## Web page caption snippets:
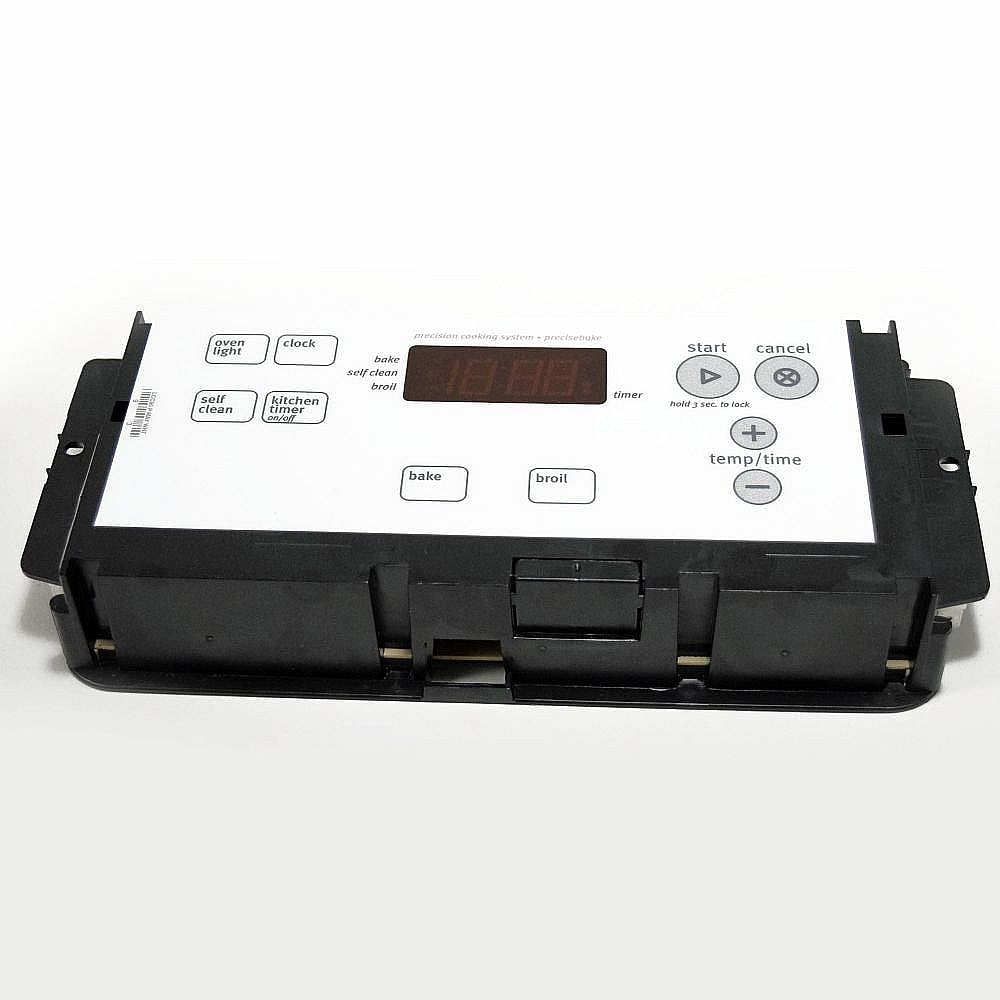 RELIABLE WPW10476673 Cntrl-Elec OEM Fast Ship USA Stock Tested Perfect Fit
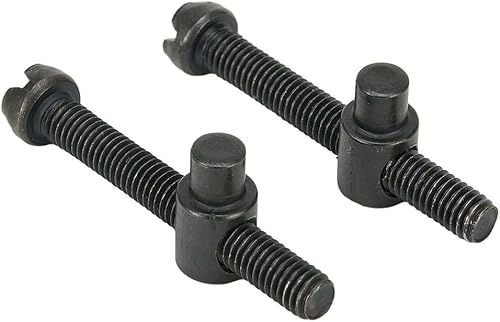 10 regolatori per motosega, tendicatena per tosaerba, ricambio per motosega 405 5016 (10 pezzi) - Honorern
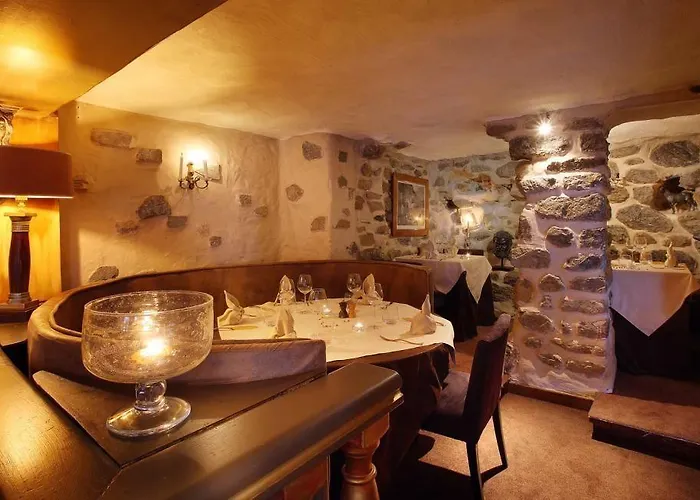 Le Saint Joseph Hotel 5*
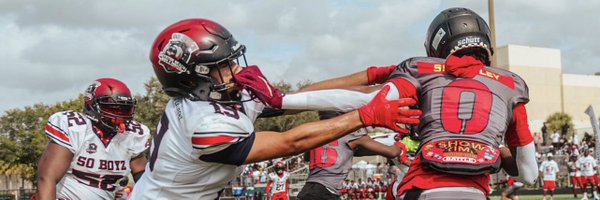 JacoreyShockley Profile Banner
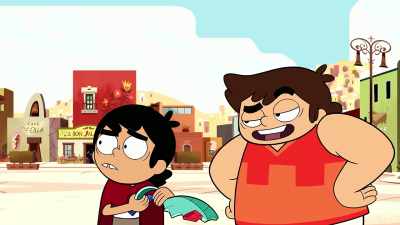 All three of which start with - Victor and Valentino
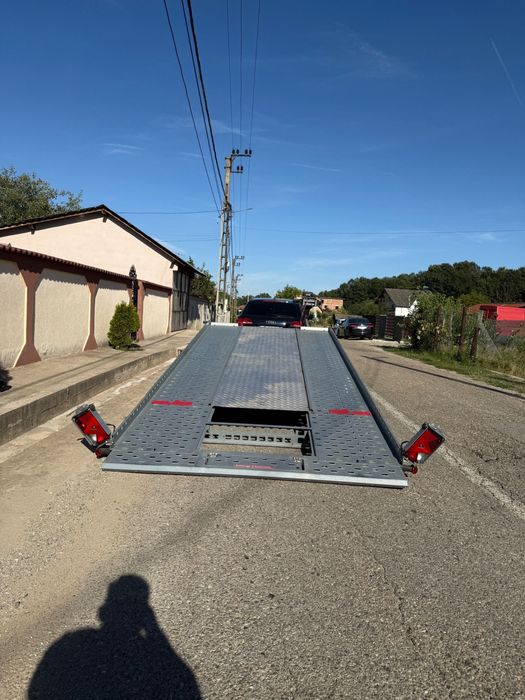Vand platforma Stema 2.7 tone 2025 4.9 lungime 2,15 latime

## TASK STATEMENT:
Repeat the full set of records exactly, and output no pictures.

## RESPONSE TO THE TASK:
 RELIABLE WPW10476673 Cntrl-Elec OEM Fast Ship USA Stock Tested Perfect Fit
 10 regolatori per motosega, tendicatena per tosaerba, ricambio per motosega 405 5016 (10 pezzi) - Honorern
 Le Saint Joseph Hotel 5*
 JacoreyShockley Profile Banner
 All three of which start with - Victor and Valentino
Vand platforma Stema 2.7 tone 2025 4.9 lungime 2,15 latime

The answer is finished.